Vinyl haloboronate esters are potentially versatile precursors for the regio- and stereoselective synthesis of a range of tetrasubstituted alkenes. To confirm their utility, we explored cross-coupling with the vinyl boronate 7. Pleasingly, Suzuki–Miyaura cross-coupling of 7 with 4-iodotoluene proceeded efficiently in excellent yield to produce only a single isomer of the desired tetrasubstituted alkene (Scheme 5). In this way, an internal alkyne could be converted into a single isomer of a clomifene analogue through a simple and high-yielding two-step route. We also investigated successive Suzuki–Miyaura cross-coupling reactions by first combining 7 with 4-iodotoluene and subsequently coupling the initial product with 4-fluorophenylboronic acid (without the purification of intermediates). Under these nonoptimized conditions, the second cross-coupling step proceeded efficiently, although a minor quantity of a second isomer was produced. The two readily separable isomers of (Ph)(4-FC6H4)C=C(Ph)(4-MeC6H4) were produced in a 6:1 ratio, presumably the steric demand of PtBu3 induced cis–trans isomerization during cross-coupling, as previously reported.9b,c

Scheme 5

Synthesis of a tetrasubstituted alkene: a) 6, CH2Cl2, 18 h; b) Et3N, pinacol, c) [Pd2(dba)3] (5 mol %), PtBu3 (20 mol %), KOH (300 mol %), THF/H2O. dba=dibenzylideneacetone.

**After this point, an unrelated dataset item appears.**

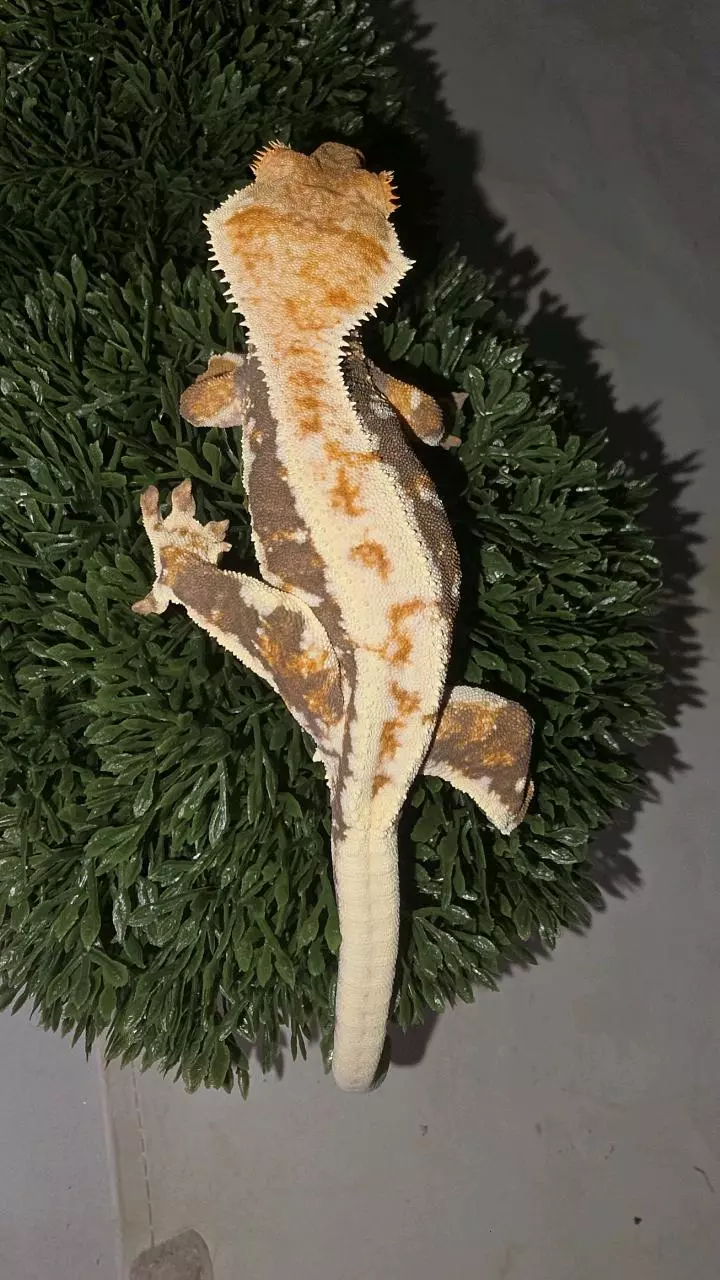 Lily White crested thumbnail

In conclusion, we have synthesized highly strained 2-DMAP-ligated boronium cations that react as functional boron Lewis acids owing to a low barrier to ring opening. The ring-opened isomers possess sufficient electrophilicity for the selective haloboration of terminal alkynes and bromoboration of dialkyl-substituted internal alkynes. More reactive dichloroborenium cations, readily synthesized from inexpensive reagents, enable the chloroboration of a range of internal alkynes. The regio- and stereoselectivity of haloboration is excellent as a result of synergic steric and electronic control and the absence of stereoisomerization. Overall, this first successful haloboration/esterification of internal alkynes is an inexpensive one-pot method for the production of trisubstituted vinyl pinacol boronate esters. These products are useful precursors for the synthesis of biologically active tetrasubstituted alkenes through sequential cross-coupling reactions.

Experimental Section

Haloboration procedure: Under an inert atmosphere, a solution of 2,6-lutidine (1 equiv) in hexane was added dropwise to a Schlenk tube containing a 1 m solution of boron trichloride in heptanes (1.2 equiv) at 0 °C, whereupon the (2,6-lutidine)BCl3 adduct precipitated as a pale yellow-white solid. After 20 min, the solvent was removed under reduced pressure, and (2,6-lutidine)BCl3 was suspended in o-dichlorobenzene or dichloromethane. Aluminum trichloride was added as a solid to this suspension to generate the borocation 6, and the resulting mixture was stirred for 20 min. The desired alkyne (1 equiv) was then added dropwise, and the reaction mixture was stirred for 18–48 h (see Table 2). On completion of the haloboration reaction, a solution of pinacol (2.1 equiv) in excess triethylamine was added to the reaction mixture. (Caution! This reaction is strongly exothermic.) Volatiles were removed under vacuum, and the product was extracted with pentane. Subsequent filtration through a short plug of silica gel removed impurities and provided the vinyl pinacol boronate ester.